Assignment | Begin with the first line of the entries below and reproduce each line exactly, ending with the line that holds "CHO THUÊ NHÀ".

Collection entries
● ● ● ● ● ● ●
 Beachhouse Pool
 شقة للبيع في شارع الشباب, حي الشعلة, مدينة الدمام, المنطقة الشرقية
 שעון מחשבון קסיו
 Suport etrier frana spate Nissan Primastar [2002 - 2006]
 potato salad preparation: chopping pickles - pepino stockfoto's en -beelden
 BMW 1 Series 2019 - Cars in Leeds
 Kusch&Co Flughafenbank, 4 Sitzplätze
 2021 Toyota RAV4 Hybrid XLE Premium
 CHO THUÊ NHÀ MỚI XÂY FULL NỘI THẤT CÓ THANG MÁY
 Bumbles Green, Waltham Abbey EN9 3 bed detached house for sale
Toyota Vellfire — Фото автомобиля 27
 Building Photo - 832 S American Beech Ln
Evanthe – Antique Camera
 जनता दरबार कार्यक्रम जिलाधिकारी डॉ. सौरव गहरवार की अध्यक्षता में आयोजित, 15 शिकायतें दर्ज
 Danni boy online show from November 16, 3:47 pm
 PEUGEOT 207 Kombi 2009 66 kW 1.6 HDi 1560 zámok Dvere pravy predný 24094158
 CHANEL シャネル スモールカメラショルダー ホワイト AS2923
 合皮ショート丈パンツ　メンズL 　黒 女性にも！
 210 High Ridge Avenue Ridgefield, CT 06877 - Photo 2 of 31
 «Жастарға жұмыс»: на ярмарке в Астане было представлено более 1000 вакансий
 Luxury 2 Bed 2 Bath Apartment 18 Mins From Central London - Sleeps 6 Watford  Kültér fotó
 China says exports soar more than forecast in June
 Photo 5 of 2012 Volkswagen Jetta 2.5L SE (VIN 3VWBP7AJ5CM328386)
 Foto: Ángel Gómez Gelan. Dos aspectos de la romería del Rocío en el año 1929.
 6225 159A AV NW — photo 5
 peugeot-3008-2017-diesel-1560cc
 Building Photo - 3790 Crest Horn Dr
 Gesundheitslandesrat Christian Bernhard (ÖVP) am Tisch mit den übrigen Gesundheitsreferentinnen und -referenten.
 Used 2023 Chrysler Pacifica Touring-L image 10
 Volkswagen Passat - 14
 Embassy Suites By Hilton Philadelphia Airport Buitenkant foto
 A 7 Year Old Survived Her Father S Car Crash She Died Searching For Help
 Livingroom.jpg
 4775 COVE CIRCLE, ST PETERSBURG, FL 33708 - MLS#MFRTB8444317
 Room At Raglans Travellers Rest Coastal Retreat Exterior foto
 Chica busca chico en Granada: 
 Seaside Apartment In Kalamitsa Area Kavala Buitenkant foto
● ● ● ● ● ● ●
Task response |
 Beachhouse Pool
 شقة للبيع في شارع الشباب, حي الشعلة, مدينة الدمام, المنطقة الشرقية
 שעון מחשבון קסיו
 Suport etrier frana spate Nissan Primastar [2002 - 2006]
 potato salad preparation: chopping pickles - pepino stockfoto's en -beelden
 BMW 1 Series 2019 - Cars in Leeds
 Kusch&Co Flughafenbank, 4 Sitzplätze
 2021 Toyota RAV4 Hybrid XLE Premium
 CHO THUÊ NHÀ MỚI XÂY FULL NỘI THẤT CÓ THANG MÁY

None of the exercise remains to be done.